Pożar wybuchł nad ranem z nieznanych jeszcze przyczyn w składzie z materiałami wybuchowymi i fajerwerkami. W akcji gaśniczej uczestniczy ponad 100 zespołów straży pożarnej, do pomocy wezwano też wojsko. Jak szacują strażacy, walka z ogniem może potrwać cały dzień.

Susza utrudnia akcję gaśniczą

Sytuacja jest skomplikowana - wyjaśnił rzecznik straży pożarnej. Ogień nadal się rozprzestrzenia, ale obszary zamieszkane są bezpieczne - najbliższe budynki znajdują się ponad 2 km dalej.

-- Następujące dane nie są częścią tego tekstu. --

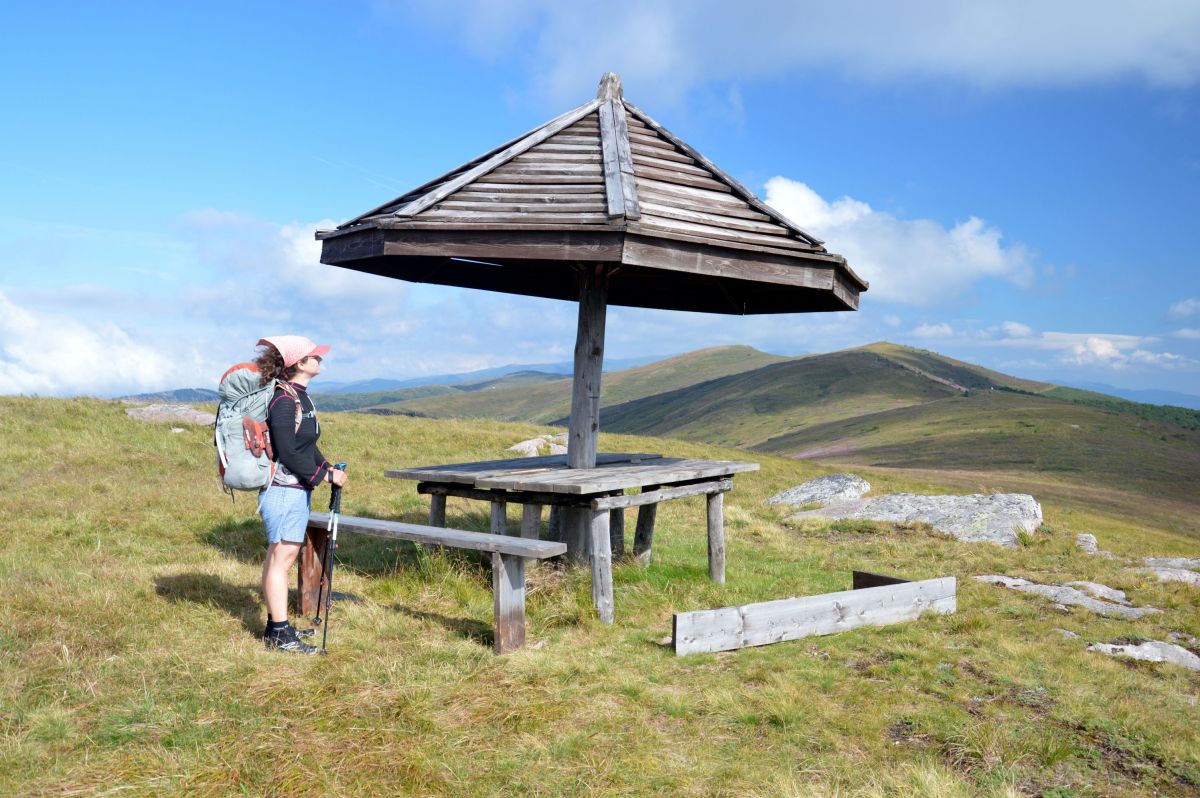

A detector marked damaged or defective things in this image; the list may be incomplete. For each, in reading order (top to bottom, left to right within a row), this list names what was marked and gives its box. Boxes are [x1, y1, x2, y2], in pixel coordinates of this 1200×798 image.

Dużym wyzwaniem jest panująca w lesie Grunewald susza i wciąż znajdująca się w miejscu pożaru amunicja. Rano raz za razem dochodziło do kolejnych detonacji - dodał rzecznik straży pożarnej.

Podczas pierwszej eksplozji nikt nie został ranny. Jej przyczyny nie są jeszcze znane - poinformowała z kolei policja. Znaleziona amunicja jest składowana na placu i rozbrajana w kontrolowany sposób przez policyjnych saperów.

Pożar spowodował utrudnienia (czasowe zamknięcie lub objazdy) ruchu kolejowego między Berlinem a Poczdamem i Wannsee.